La F1 ’joue avec le feu’ et met sa crédibilité en jeu en Arabie saoudite
Les événements de vendredi laissent un goût amer
Les événements de ce vendredi en Arabie saoudite semblent avoir atteint la crédibilité de la F1. Le Grand Prix qui se dispute à Djeddah a été maintenu en dépit d’une attaque terroriste visant Aramco à quelques kilomètres du circuit de la corniche.
Plusieurs médias et membres du paddock, dont Ralf Schumacher, ont fait état de pressions appliquées par l’Arabie saoudite sur la F1. En effet, les pilotes ont débattu pendant quatre heures de la tenue du Grand Prix, et il a fallu l’intervention des officiels de la F1 et des patrons d’équipe pour les convaincre.
Malgré cela, Pierre Gasly semblait notamment peu à l’aise, assurant que les pilotes étaient tous "alignés" sur leur décision. Dès lors, qu’est-ce qui a pris aussi longtemps ? On peut raisonnablement penser que les 20 acteurs principaux du championnat étaient initialement contre le fait de courir.

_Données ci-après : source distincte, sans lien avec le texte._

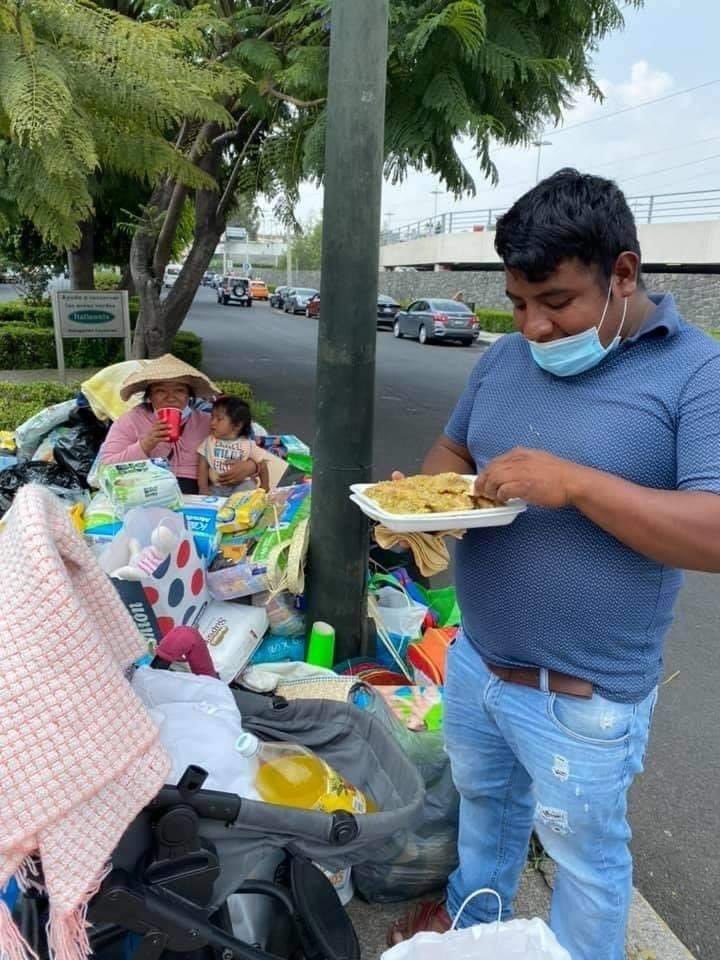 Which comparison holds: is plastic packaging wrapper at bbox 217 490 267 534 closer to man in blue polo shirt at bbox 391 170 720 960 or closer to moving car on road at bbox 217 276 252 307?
man in blue polo shirt at bbox 391 170 720 960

La BBC a elle aussi évoqué des pressions de la F1 sur les pilotes et équipes, et l’on se retrouve dans une situation ubuesque, où le paddock va devoir agir naturellement dans un contexte d’inquiétude et de conflit armé.
"A quel point est-ce incongru ? Rien qui ne mérite de s’alarmer. La course continue, ce sera intéressant de voir comment c’est géré. La F1 joue avec le feu" a déclaré le champion du monde 1996 et consultant pour la télé britannique, Damon Hill.
Quand on réalise les pressions qui ont eu lieu pour que la course soit maintenue, les propos de Valtteri Bottas, interrogé avant le week-end sur la pertinence d’un Grand Prix à Djeddah, résonnent différemment.
"On a presque l’impression que nous n’avons pas vraiment le choix de là où nous courons" a déclaré le Finlandais. "Si nous pouvions choisir, peut-être changerions-nous un peu le calendrier. Je pense que nous finissons par aller dans ces endroits et par faire confiance à la Formule 1."
La crédibilité de la F1 "s’est évaporée"
Malgré sa puissance financière retrouvée, la F1 semble bien peu de choses face à l’importance de ses partenaires. On se souvient déjà, cet hiver, des décisions prises au sujet des essais hivernaux pour que Bahreïn profite de trois journées plus importantes que celles de Barcelone.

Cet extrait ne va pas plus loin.